DE LA DESPEDIDA DE ECHEVERRÍA

Alejandro Cea Olivares.

Hidalgo, 11 de julio del 2022

El sepelio de Echeverría hace reflexionar. Unos cuántos, poquísimos exfuncionarios. A pesar de vivir de la herencia y relaciones de aquellos a quienes Echeverría dió chamba e impunidad, ningún hijo o nieto de estos.

De la familia cercana: hijos, nietos, sobrinos, sobrinos nietos, cuñados, etc., mucho menos que la mitad.

Del PRI y sus apéndices CTM, CNC, etc ,creo que nadie.

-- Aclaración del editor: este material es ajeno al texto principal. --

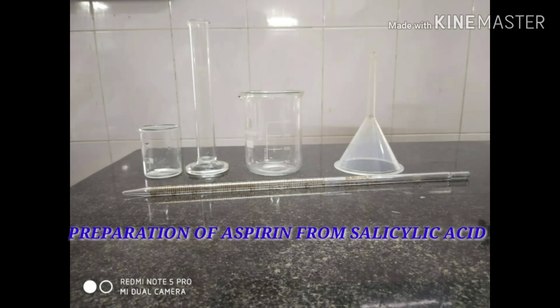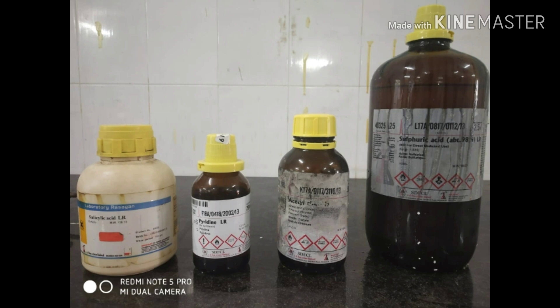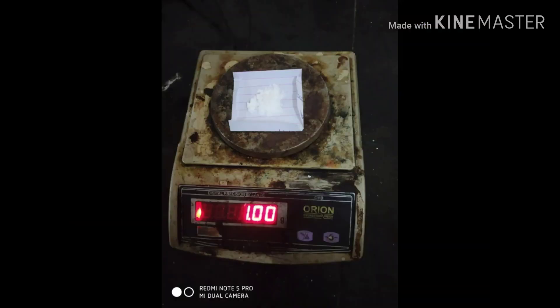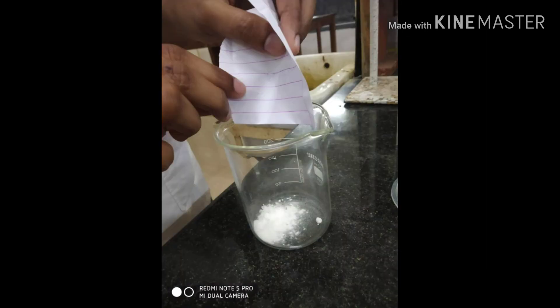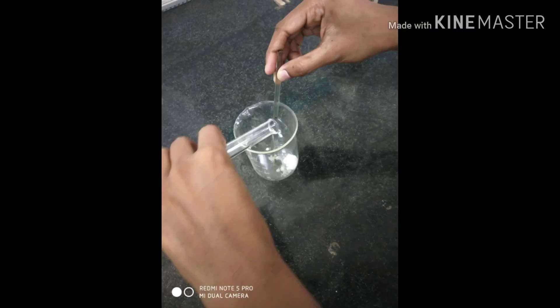Preparation of aspirin from salicylic acid. These are the apparatus and chemicals required. First, we have to weigh about 1 gram of salicylic acid and transfer it into a clean beaker, then add 1 ml of pyridine and mix well.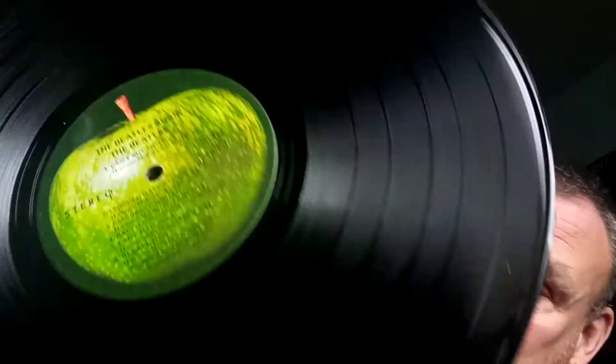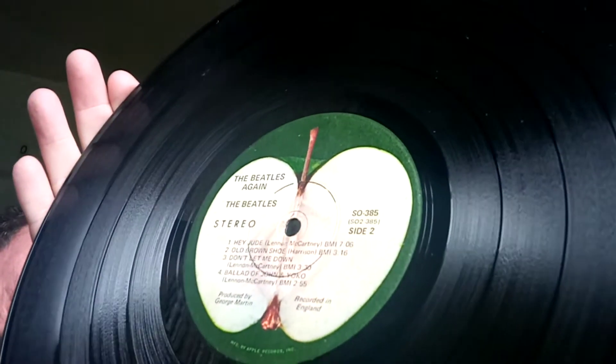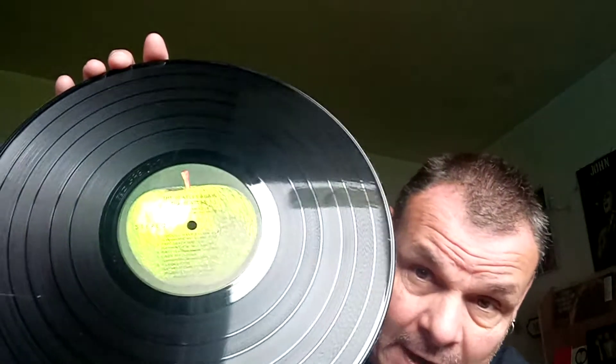Now the interesting thing about this is — I said it's the Beatles Hey Jude — well, in fact, the first copies weren't called that. The first copies were actually called The Beatles Again, and you can see that on the label there. So if you have a copy of this — it's pretty common in America, not so common here in the UK — if you've got one that says The Beatles Again like this one does, then you know it is a first pressing.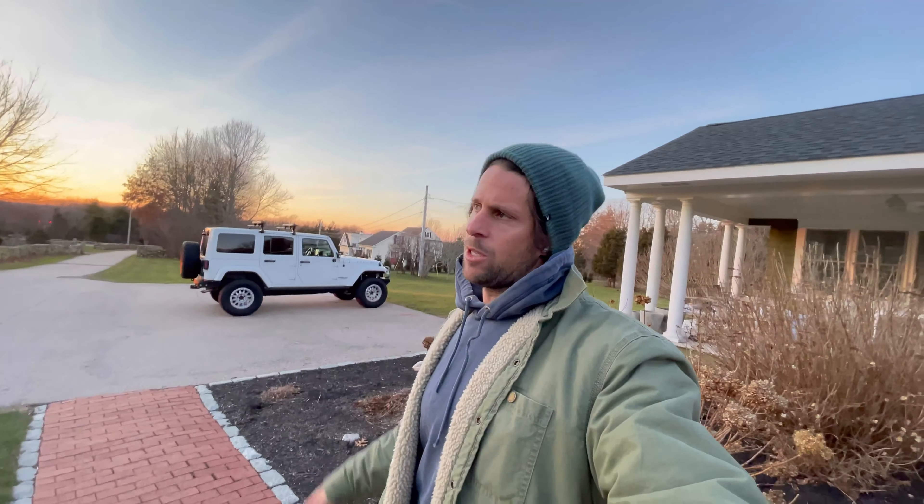I have zero camping experience. I've never slept in the Jeep or anything. I have a 2013 Jeep Rubicon Unlimited. I've had it since day one — bought it with zero miles on it back in 2013. Now it's got close to 200,000 miles on it. Anytime anything breaks, I fix it.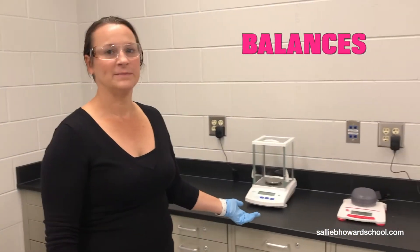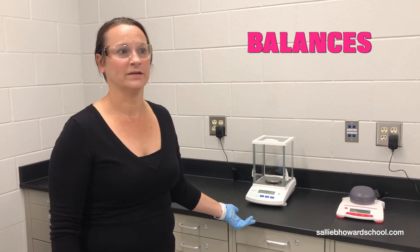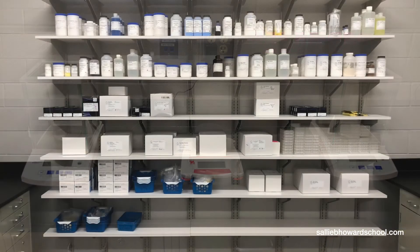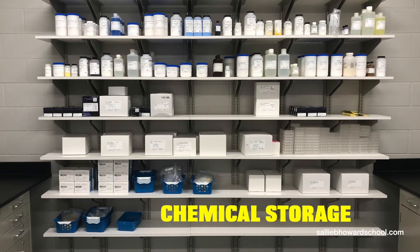In this room we have our balances. We have two different types here that students will learn the basic lab skill of weighing things out properly for their experiments. Also included in this room is our chemical storage, which you can see is very vast. Students will actually learn how to read these labels and come get their own chemicals throughout the semester, maybe in year two or even three.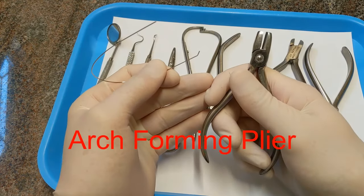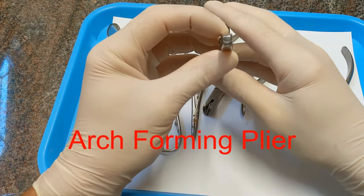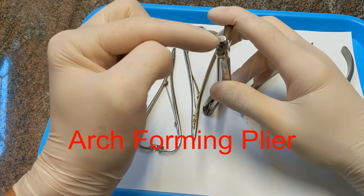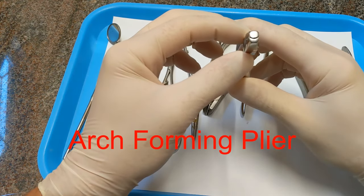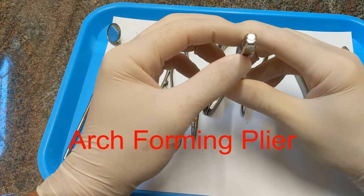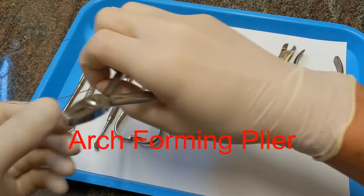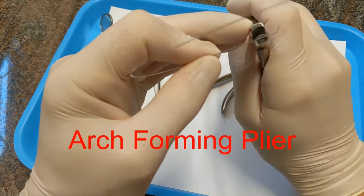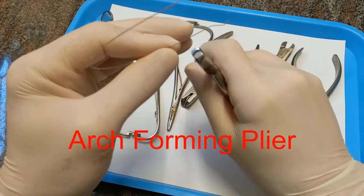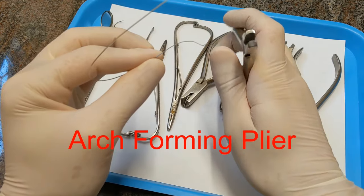This is an arch forming plier. You can tell because one side looks like a smiley face — one side is convex and one side is concave and they fit together. This is for shaping arch wires or lingual arch wires. When we place a lingual arch, we'll use this to contour the wire, placing a gentle rounded bend in it.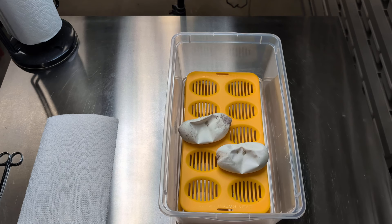Alright guys, welcome back to the Snake Rack Report. As you can see, this is going to be our second egg cutting of this week.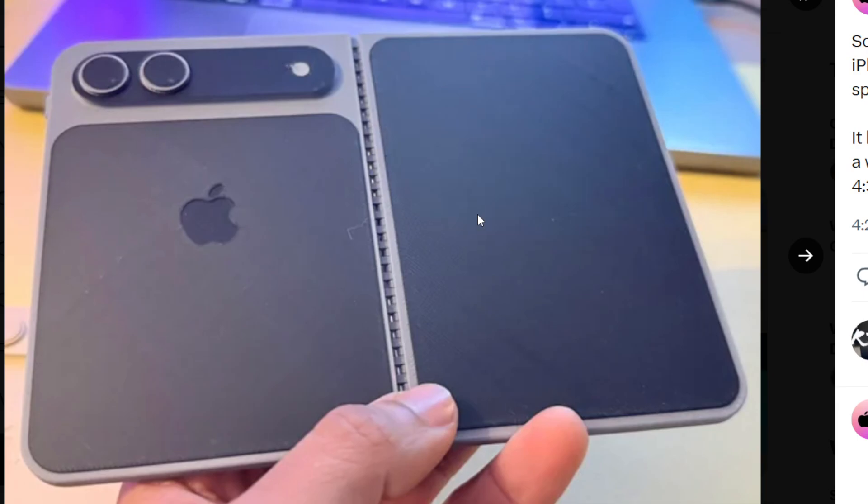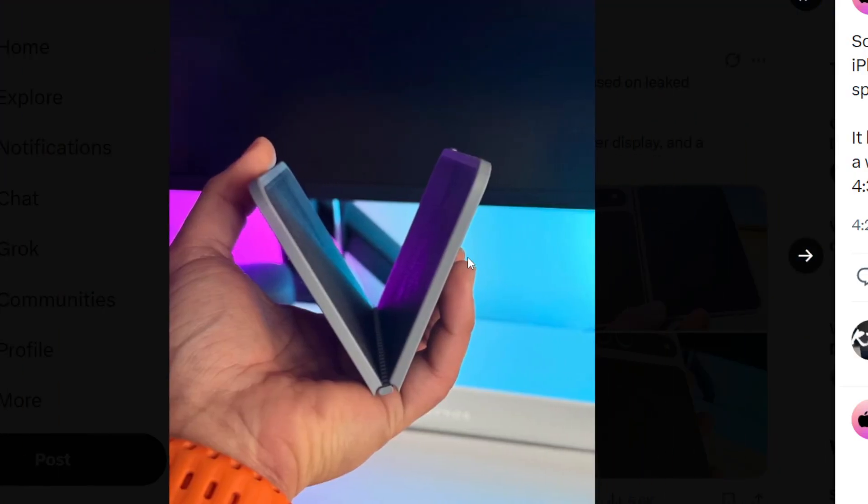I don't feel like the Pixel Fold 1 was that wide of an outside display — this thing is humongously big. It kind of reminds me of the Surface Duo. That's the best concept I can look at when it comes to these foldable phones, especially these 3D renders and mock-ups — the Surface Duo 1, or maybe the Surface Duo 2, but Surface Duo 2 had that gigantic camera bump.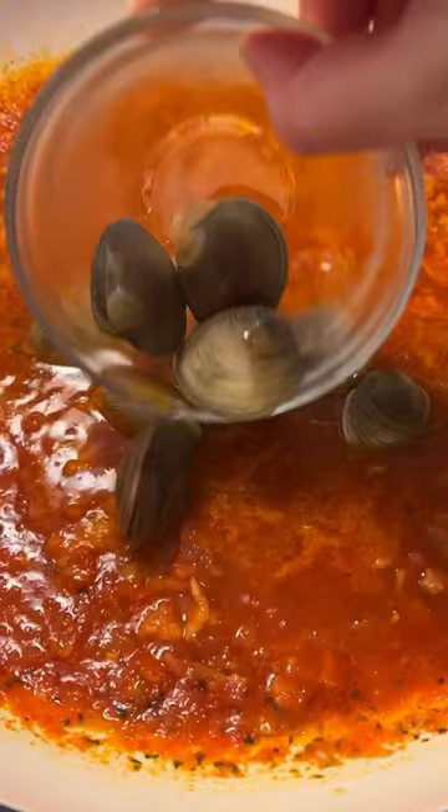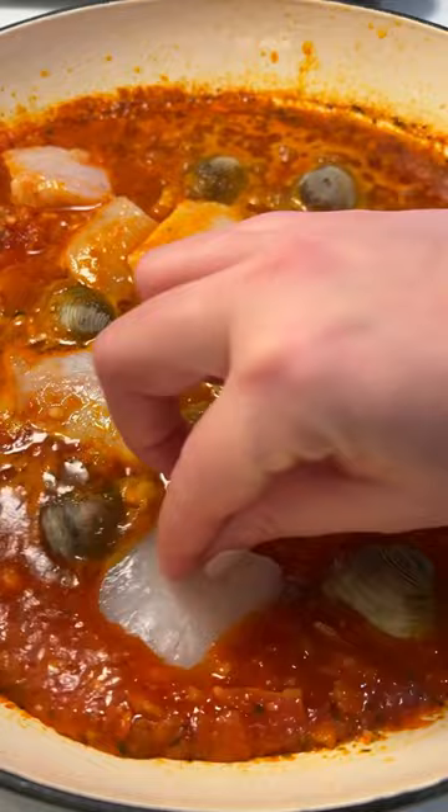When the sauce has thickened, add the clams and cook them for 3 to 4 minutes. Lastly, add in the fish, shrimp, and scallops, making sure to cook for a few more minutes, but don't overcook them.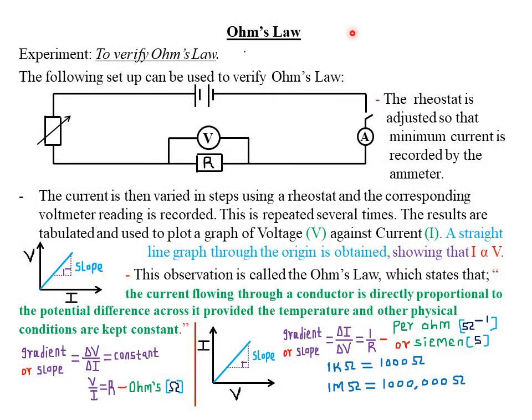Hello, my precious friends, and welcome to today's class. It's our second lesson on the fifth topic of Form 3 work, which is called Current Electricity 2. Let me start by giving you the quote of the day, which states that sometimes you have to go through the worst in order to get the best. We shall discuss that quote at the end of our class today.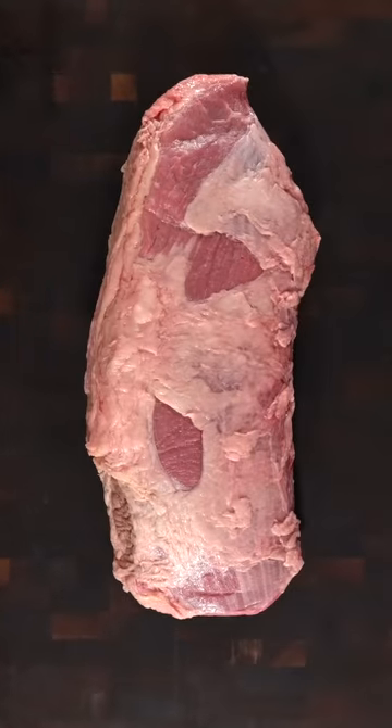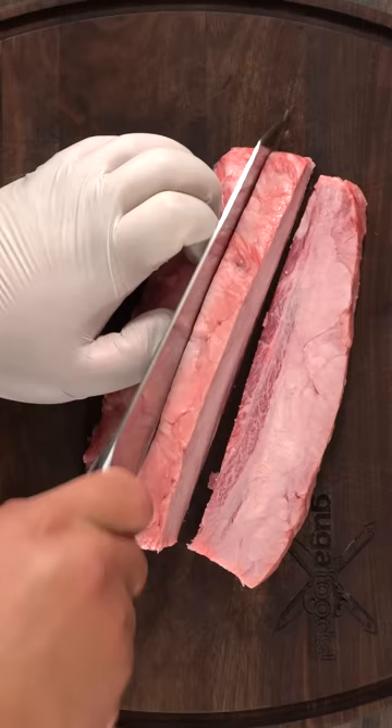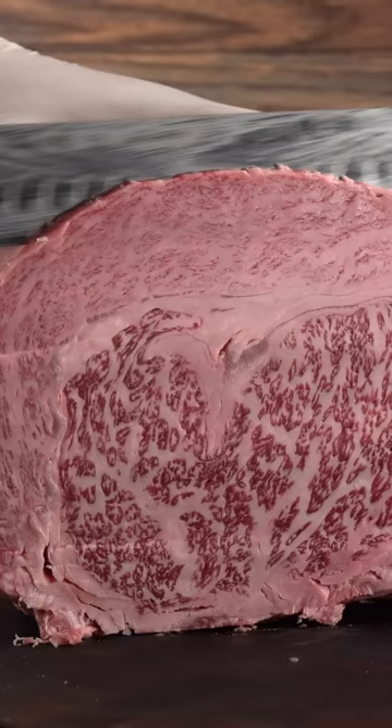This is a one dollar roast, as cheap as it gets, and this is a hundred dollars worth of wagyu fat. To be specific, it came out of Kobe beef — the best there is.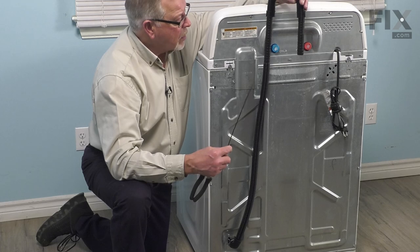Once we've done that, we can then prepare the washer to put back into position. We're now ready to push the washer back into position and your repair is complete.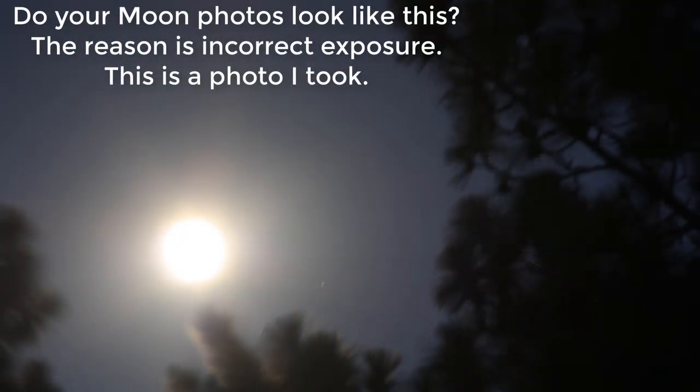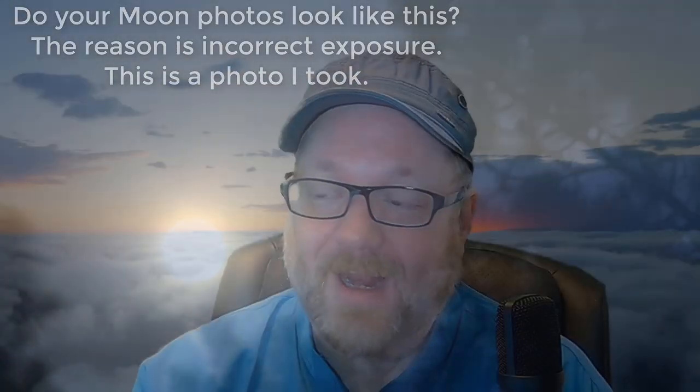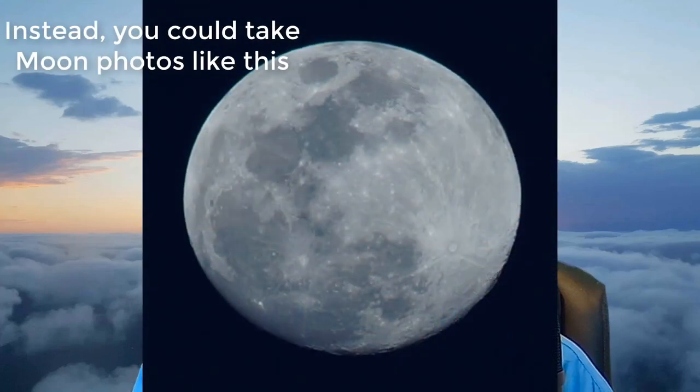A lot of people took photos of the sturgeon moon in early August 2023 and were disappointed — they shared photos of big white blobs saying 'you should have seen it.' I want to talk about how you can take better photos of the moon, and I'm going to explain a core concept of photography: the exposure triangle.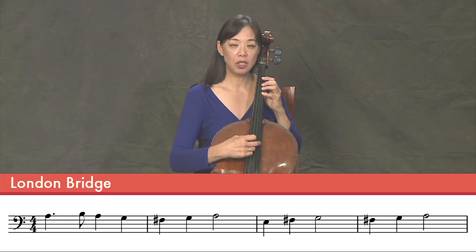So let's play London Bridge in pizzicato. One, two, three, four.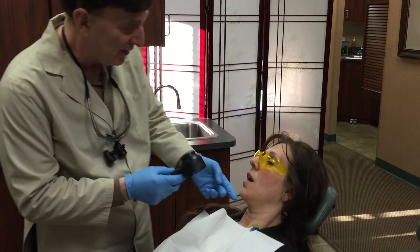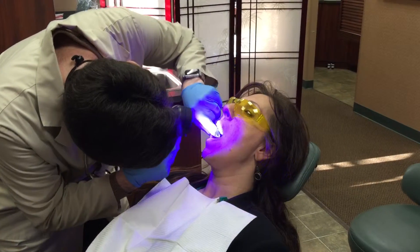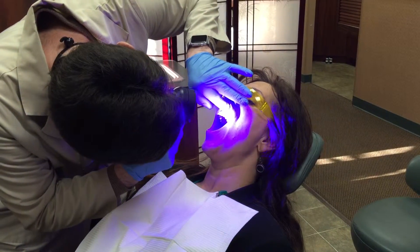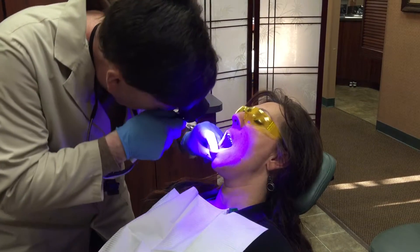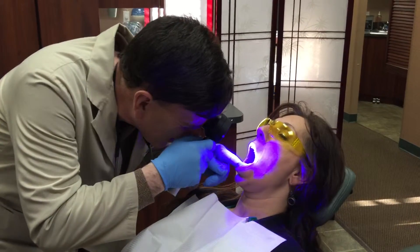And we're looking for anything that's abnormal. So if you lift your chin up a little bit and open real wide for me, we're going to take a peek. Now all the tissues are turning a green color and they all look nice and healthy. We're looking under your lip, and we're going to look under your lip on that side. Pull back your cheek, look on your cheek. We're going to look under your lip on the bottom, and we're looking on the other side for anything that looks a little abnormal.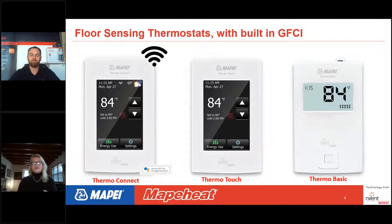Thermostats are very important, and we offer three kinds. Thermo Connect is our Wi-Fi thermostat that also connects to smart home systems like Google Assistant — and it works with Alexa too. Thermo Touch is a touchscreen seven-day programmable thermostat. And Thermo Basic is just your basic thermostat, simple up and down, easy to use. All thermostats have built-in GFCIs.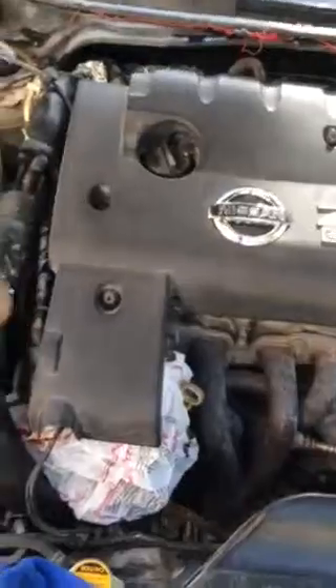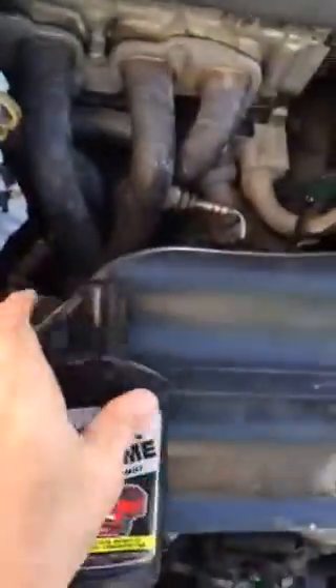Okay, I'll start now. I'll shake it well first, then apply some on the cloth, and then apply it here.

Y ni una corona de parte de las instituciones que durante su gobierno se fundaron: CONACyT, UAM, Colegio de Bachilleres, INFONAVIT, etc , tampoco se apareció algún exfuncionarete.

Echeverría no da para filosofar; su recuerdo tiene escasa finura sobre aquello de «sic tránsit gloria mundi» pero sí da para pensar en lo vacío del poder y en la poca memoria, para no decir madre, de la élite política.

Por cierto, aparecieron de nuevo las viudas del 68, a varios de los cuáles Echeverría dió libertad y chamba. Y estás viudas, en su protesta, curiosidad de la política, no tocan ni con la sílaba de una palabra al ejército.

En fin, el sepelio da para pensar ¿o no?